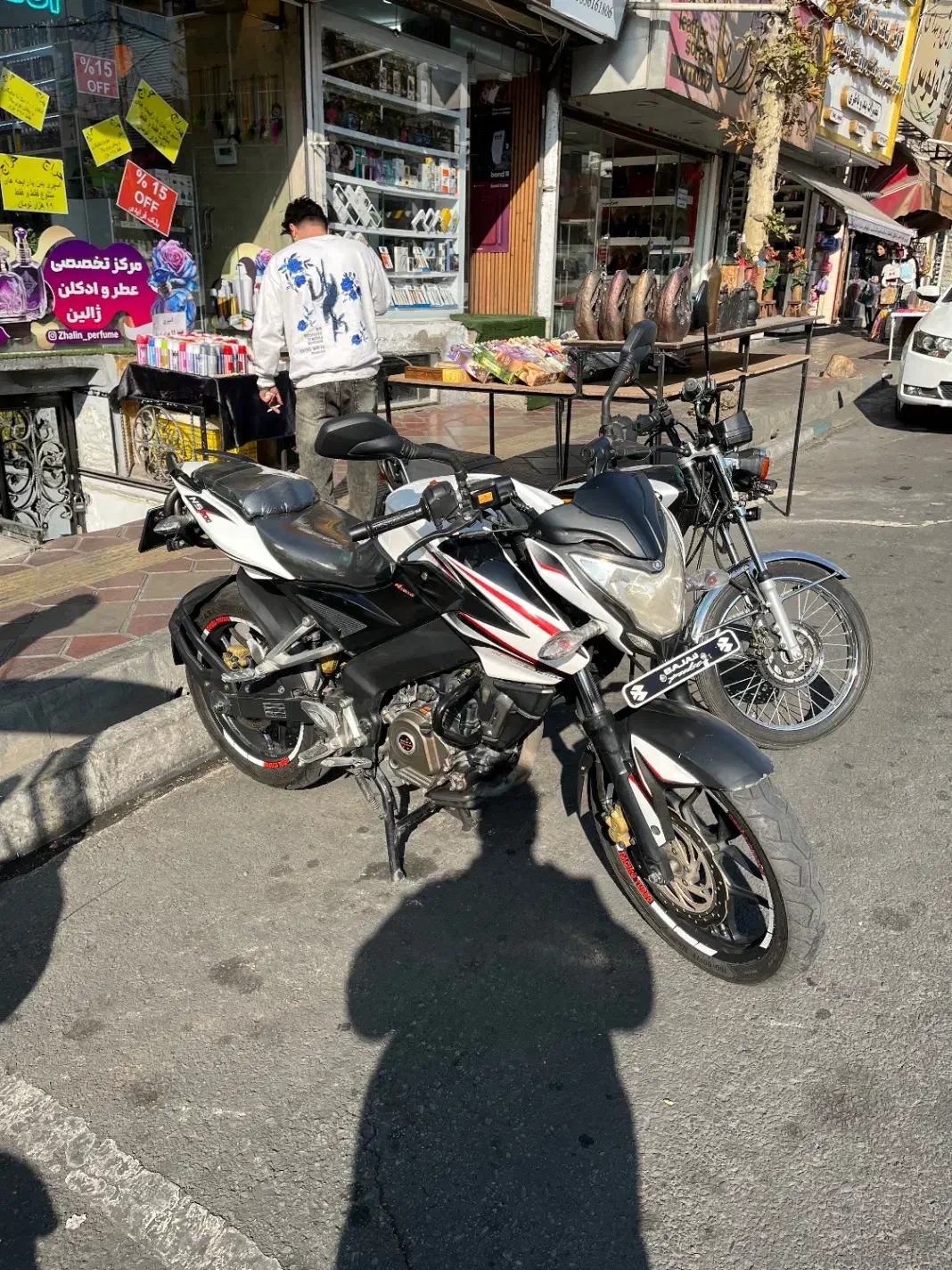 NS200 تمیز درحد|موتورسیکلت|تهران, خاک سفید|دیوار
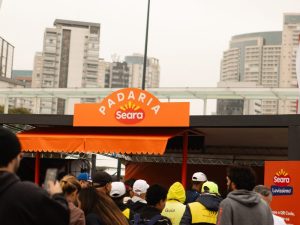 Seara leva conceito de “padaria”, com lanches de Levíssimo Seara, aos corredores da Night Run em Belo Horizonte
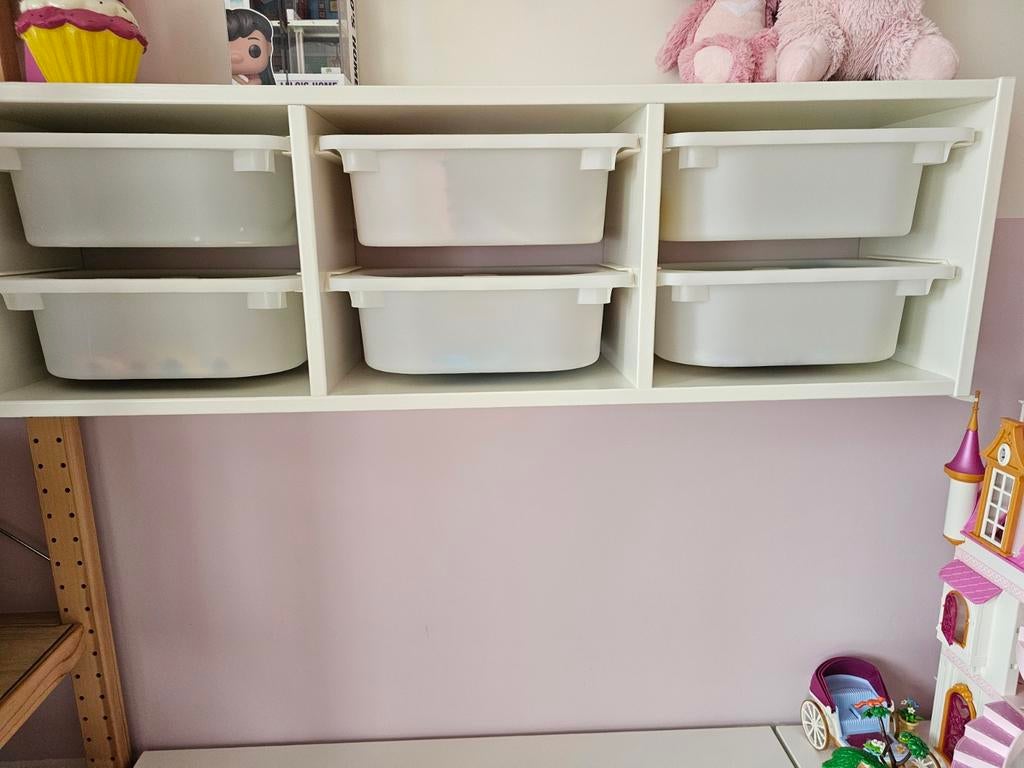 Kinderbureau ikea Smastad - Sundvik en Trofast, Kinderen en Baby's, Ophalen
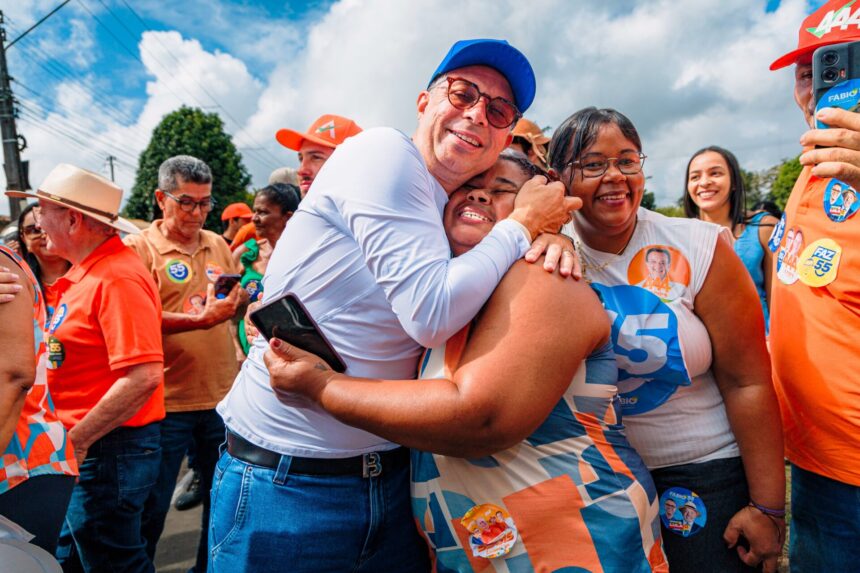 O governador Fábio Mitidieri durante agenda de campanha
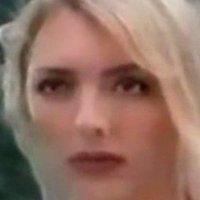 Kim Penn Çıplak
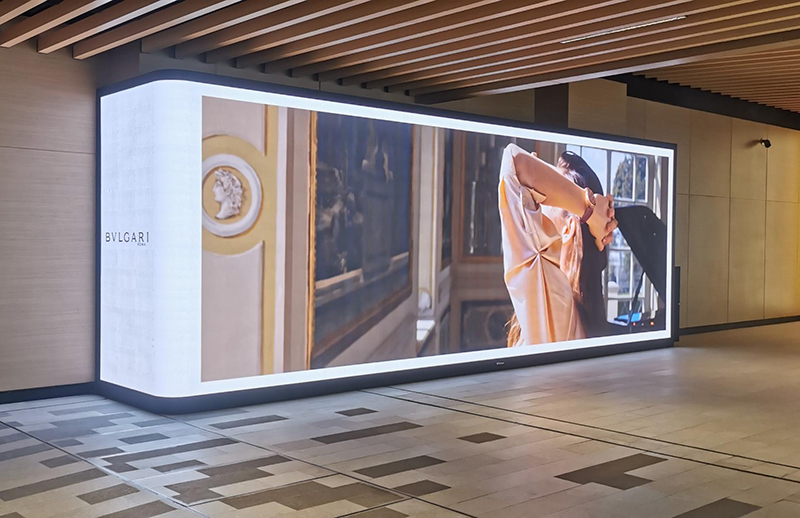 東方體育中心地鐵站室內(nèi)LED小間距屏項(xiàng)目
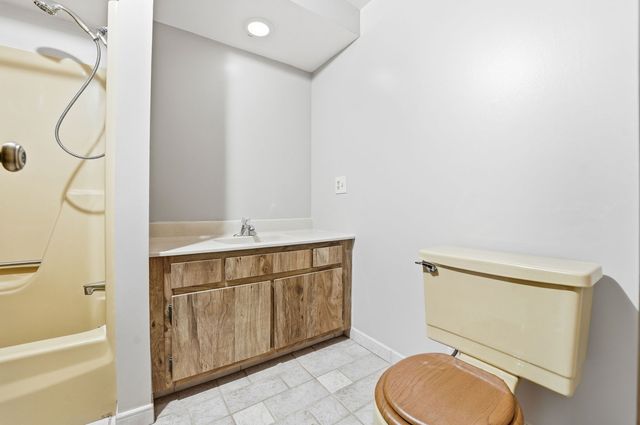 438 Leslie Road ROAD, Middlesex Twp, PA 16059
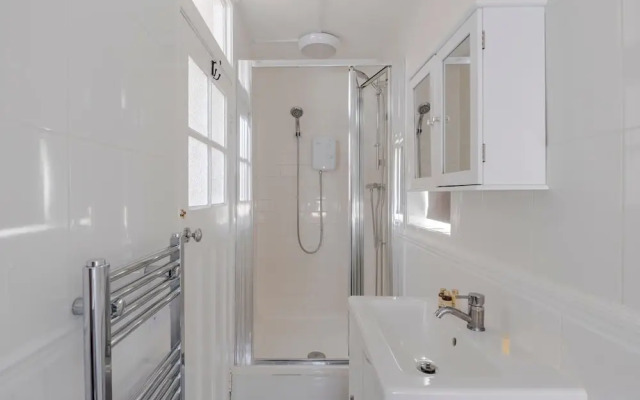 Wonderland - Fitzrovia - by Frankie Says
____
HOW TO COMPLETE THIS TASK:
A word-for-word copy is needed of the lines from the line holding "Seara leva conceito" through the end of the records, both included, excluding every picture.

SOLUTION:
 Seara leva conceito de “padaria”, com lanches de Levíssimo Seara, aos corredores da Night Run em Belo Horizonte
 Kinderbureau ikea Smastad - Sundvik en Trofast, Kinderen en Baby's, Ophalen
 O governador Fábio Mitidieri durante agenda de campanha
 Kim Penn Çıplak
 東方體育中心地鐵站室內(nèi)LED小間距屏項(xiàng)目
 438 Leslie Road ROAD, Middlesex Twp, PA 16059
 Wonderland - Fitzrovia - by Frankie Says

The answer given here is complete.